本当に嬉しく、今後の執筆の糧となります。皆様への感謝の気持ちでいっぱいです。
この話も残りわずかなのですが、今年内には終わりそうになく大変申し訳ありません。最後まで読んで頂けると本当に嬉しいです。
◇アーモン視点
伯爵家の長男として生まれた僕。昔は貧乏貴族だったけれど、祖父母の代で始めた卸業が成功した。
祖父がよく僕に「人をよく観察するんじゃ」と言っていた。幼い心にその言葉がすんなり入って僕の趣味は人間観察。
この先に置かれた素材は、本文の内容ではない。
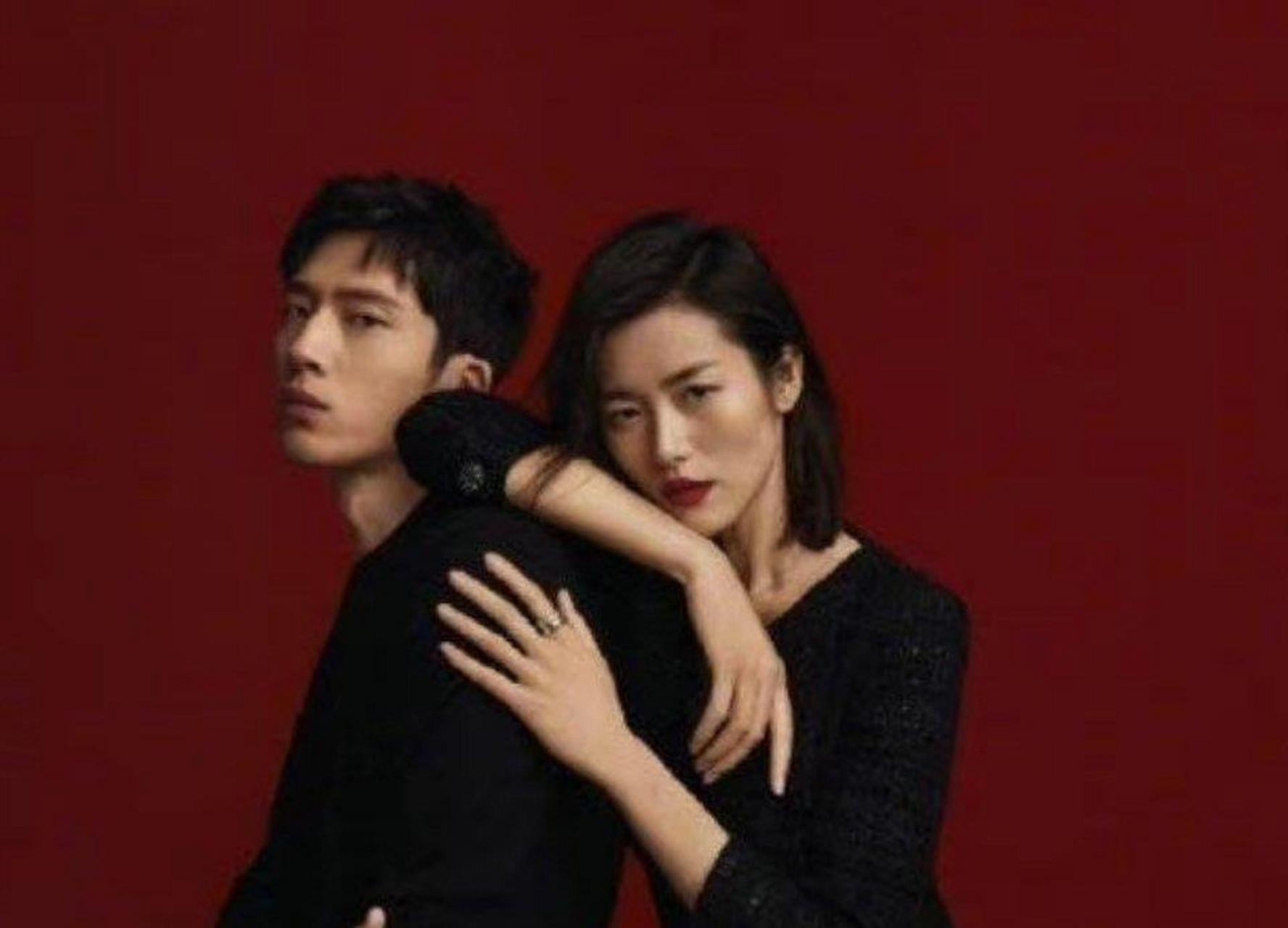 井柏然的女朋友真的好漂亮,这两人好般配呀!真的是俊男美女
魔力が一般の子供よりも高かったため、名門魔法学園に入学することが出来た。家から学園は距離があるため、寮暮らしだ。
そこで、人形みたいなフラン・アイリッシュと悪評高いサモン・レイティアスの二人に出会った。
特にサモンは入学式の頃に窓ガラスを割ったイメージが強く、恐ろしかった。
天使と悪魔が一緒にいる。その姿はあまりに異質で、出来れば平凡な僕は関わりたくないなと思った。
「卑猥なモノを着用するな!」
いつも声に凹凸がなく低い声でしか話さないサモンが、洗面所の前でちょっとうわずった声を上げた。サモンの前には当然フランがいる。
寮では爵位関係なく、自活を義務付けられている。公爵家だろうと掃除も洗濯も自分で行う。
大人びたサモンが9歳年相応の少年に見えて、僕は思わず隠れて様子を見てしまった。
「卑猥なモノってただのパンツだけど。アイリッシュ家ではこれが普通だよ」
「これはは男が着用するものではない。事故に合う前にやめろ」
あの怖いサモン・レイティアスが美人のパンツに対して文句を言っている。しかもお母さんみたいにブツブツ言っている。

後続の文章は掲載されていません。